- WHAT THE TASK REQUIRES
In the records below, find the line with "Ensembles de thérapie" and the line with "Tissu Imprimé Champignons". Print both exactly, along with every line between them, and no other line.

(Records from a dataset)
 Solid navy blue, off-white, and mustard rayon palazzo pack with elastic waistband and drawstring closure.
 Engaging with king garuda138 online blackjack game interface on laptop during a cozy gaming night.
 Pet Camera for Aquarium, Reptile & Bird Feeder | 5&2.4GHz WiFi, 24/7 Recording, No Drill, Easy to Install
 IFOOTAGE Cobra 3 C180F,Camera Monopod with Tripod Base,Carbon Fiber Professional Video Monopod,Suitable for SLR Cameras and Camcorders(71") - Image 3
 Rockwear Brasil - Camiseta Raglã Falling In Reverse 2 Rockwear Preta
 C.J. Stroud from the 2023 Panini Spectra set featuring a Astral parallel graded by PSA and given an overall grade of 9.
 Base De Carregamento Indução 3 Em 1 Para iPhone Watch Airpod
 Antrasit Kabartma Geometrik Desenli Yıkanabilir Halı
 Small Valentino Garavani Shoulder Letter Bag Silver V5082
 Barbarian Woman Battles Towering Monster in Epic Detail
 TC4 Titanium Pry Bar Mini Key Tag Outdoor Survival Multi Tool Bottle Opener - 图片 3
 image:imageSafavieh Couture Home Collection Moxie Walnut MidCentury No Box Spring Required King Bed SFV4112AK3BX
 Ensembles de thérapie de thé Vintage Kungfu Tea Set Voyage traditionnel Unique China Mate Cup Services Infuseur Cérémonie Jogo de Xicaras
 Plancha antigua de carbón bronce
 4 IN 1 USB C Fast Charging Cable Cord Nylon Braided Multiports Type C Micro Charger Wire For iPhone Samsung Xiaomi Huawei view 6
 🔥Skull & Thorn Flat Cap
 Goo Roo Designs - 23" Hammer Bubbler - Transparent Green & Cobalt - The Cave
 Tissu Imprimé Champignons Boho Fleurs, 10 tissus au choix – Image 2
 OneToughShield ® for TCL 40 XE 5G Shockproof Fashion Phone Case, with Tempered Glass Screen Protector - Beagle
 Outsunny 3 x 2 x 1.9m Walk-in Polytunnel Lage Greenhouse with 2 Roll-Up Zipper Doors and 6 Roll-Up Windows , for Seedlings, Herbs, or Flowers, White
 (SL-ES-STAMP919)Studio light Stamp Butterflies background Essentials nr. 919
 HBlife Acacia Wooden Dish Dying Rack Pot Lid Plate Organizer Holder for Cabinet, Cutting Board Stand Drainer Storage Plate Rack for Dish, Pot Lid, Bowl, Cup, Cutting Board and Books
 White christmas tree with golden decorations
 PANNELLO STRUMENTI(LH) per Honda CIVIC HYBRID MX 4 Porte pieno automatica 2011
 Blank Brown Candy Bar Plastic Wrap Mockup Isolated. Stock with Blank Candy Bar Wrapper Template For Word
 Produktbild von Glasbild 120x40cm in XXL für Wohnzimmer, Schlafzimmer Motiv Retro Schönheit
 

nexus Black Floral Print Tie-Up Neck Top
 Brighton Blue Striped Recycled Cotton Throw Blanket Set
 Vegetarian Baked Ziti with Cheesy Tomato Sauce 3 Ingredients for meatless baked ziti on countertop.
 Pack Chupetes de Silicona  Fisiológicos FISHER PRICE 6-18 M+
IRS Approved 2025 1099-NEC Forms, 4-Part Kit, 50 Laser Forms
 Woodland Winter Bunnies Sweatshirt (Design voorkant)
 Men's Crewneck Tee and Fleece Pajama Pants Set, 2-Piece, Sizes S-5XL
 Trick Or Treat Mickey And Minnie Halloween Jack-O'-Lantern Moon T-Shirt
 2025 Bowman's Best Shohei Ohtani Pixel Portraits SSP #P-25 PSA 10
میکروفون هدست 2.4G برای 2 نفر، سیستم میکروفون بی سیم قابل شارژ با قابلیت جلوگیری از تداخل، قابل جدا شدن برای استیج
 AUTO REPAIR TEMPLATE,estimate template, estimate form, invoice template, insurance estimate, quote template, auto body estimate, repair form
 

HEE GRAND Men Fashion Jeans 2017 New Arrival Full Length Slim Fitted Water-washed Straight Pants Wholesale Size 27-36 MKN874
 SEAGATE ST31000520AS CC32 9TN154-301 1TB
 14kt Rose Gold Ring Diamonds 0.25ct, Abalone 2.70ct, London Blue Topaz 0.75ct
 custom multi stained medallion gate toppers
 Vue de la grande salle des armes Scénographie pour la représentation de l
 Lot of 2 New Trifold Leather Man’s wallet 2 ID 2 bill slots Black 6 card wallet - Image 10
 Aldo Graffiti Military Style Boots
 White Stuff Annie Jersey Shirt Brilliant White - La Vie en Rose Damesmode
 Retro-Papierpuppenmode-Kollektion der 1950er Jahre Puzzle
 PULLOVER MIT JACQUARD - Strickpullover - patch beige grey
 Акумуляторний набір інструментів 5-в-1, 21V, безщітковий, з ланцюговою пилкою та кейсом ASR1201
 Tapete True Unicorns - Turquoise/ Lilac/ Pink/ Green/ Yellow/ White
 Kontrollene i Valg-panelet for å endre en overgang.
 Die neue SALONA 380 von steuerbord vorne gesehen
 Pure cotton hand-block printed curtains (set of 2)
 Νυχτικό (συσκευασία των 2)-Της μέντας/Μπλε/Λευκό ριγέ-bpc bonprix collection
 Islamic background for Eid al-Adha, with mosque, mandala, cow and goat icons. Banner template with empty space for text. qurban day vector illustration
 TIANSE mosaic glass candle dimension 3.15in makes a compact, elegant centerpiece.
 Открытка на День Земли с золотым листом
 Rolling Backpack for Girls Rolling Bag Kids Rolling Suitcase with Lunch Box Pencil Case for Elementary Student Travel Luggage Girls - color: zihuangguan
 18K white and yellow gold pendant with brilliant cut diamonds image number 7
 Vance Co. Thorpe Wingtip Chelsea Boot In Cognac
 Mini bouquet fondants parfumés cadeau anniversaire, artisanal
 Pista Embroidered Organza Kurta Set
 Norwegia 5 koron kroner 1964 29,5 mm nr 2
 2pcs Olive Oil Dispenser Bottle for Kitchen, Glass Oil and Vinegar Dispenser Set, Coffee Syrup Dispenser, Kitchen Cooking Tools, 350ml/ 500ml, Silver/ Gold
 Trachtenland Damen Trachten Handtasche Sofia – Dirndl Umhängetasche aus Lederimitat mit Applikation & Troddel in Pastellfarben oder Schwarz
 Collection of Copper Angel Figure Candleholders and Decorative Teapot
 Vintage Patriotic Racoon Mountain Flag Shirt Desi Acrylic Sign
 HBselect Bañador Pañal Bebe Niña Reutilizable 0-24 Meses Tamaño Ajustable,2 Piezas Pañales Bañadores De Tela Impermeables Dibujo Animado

- TASK ANSWER
 Ensembles de thérapie de thé Vintage Kungfu Tea Set Voyage traditionnel Unique China Mate Cup Services Infuseur Cérémonie Jogo de Xicaras
 Plancha antigua de carbón bronce
 4 IN 1 USB C Fast Charging Cable Cord Nylon Braided Multiports Type C Micro Charger Wire For iPhone Samsung Xiaomi Huawei view 6
 🔥Skull & Thorn Flat Cap
 Goo Roo Designs - 23" Hammer Bubbler - Transparent Green & Cobalt - The Cave
 Tissu Imprimé Champignons Boho Fleurs, 10 tissus au choix – Image 2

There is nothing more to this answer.